Starting at the line that holds "new Utility Trailers", restate every line word for word up to and including the last one in the listing below, and omit all pictures.

DATA EXTRACT –
BEGIN

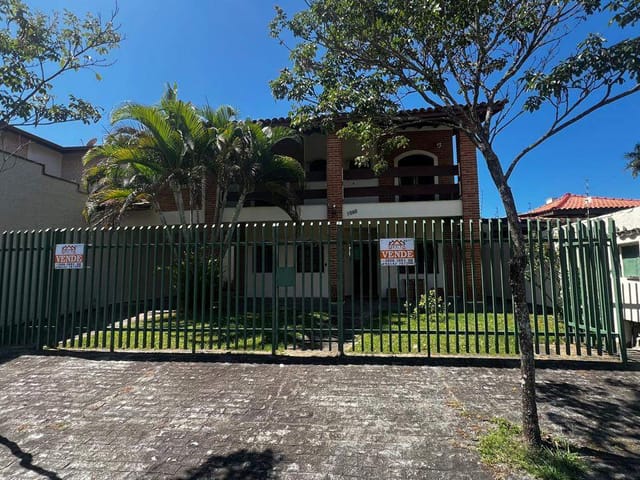 Foto do Sobrado - Oportunidade no Indaiá! Sobrado com 2 Suítes e Área Gourmet por R$ 730 mil | Necta Serviços Imobiliários Ltda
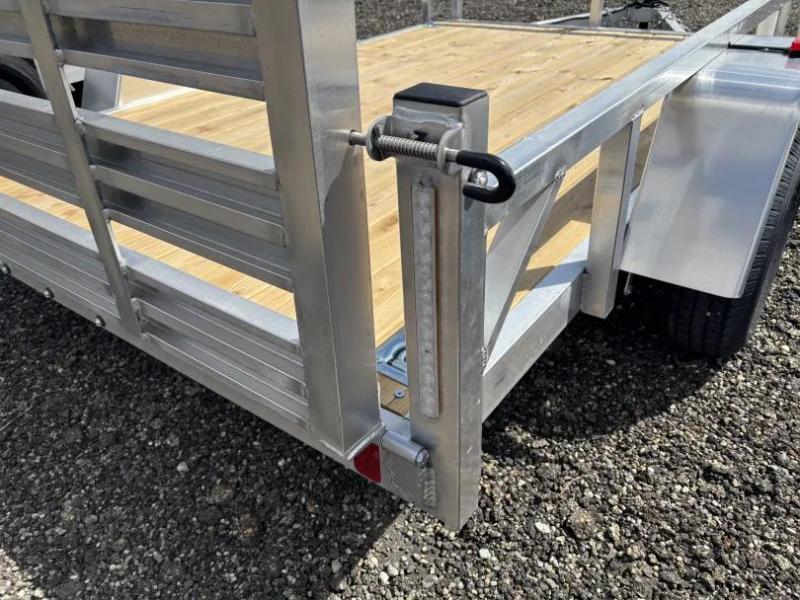 new Utility Trailers Forest River  for sale, in Alliance, OH Thumbnail 10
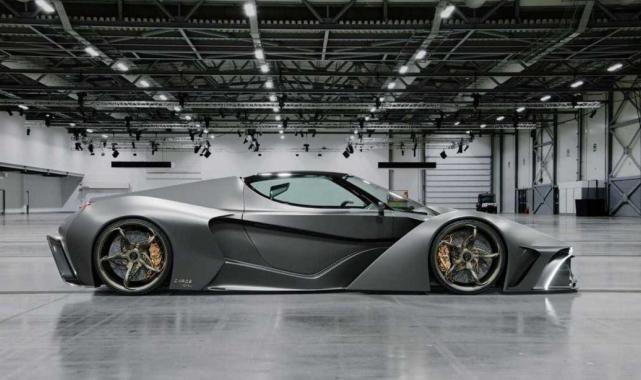 Dünyanın en hızlı 8 süper arabası ve bunların arkasındaki bilim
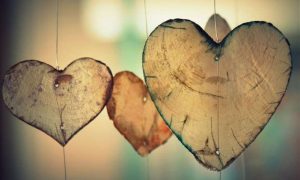 عشق و علاقه | طراحی سایت با فارسینو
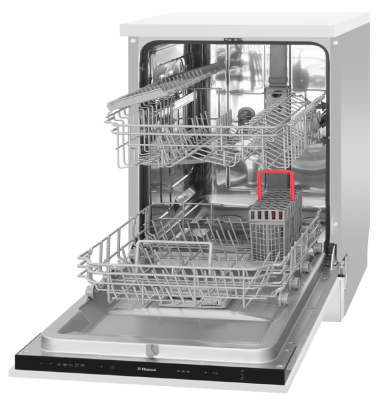Hansa ZIM415BQ Детальное фото товара: Hansa ZIM415BQ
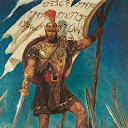 Captain Moroni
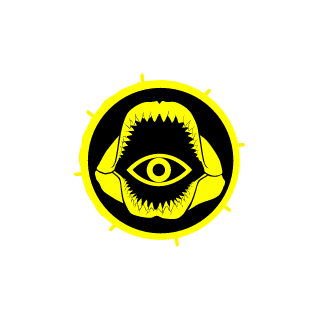 Crucial N1NJ4's emblem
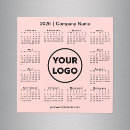 Suche nach firmenlogo kalender Werbegeschenk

END

OUTPUT BELOW –
 new Utility Trailers Forest River  for sale, in Alliance, OH Thumbnail 10
 Dünyanın en hızlı 8 süper arabası ve bunların arkasındaki bilim
 عشق و علاقه | طراحی سایت با فارسینو
Hansa ZIM415BQ Детальное фото товара: Hansa ZIM415BQ
 Captain Moroni
 Crucial N1NJ4's emblem
 Suche nach firmenlogo kalender Werbegeschenk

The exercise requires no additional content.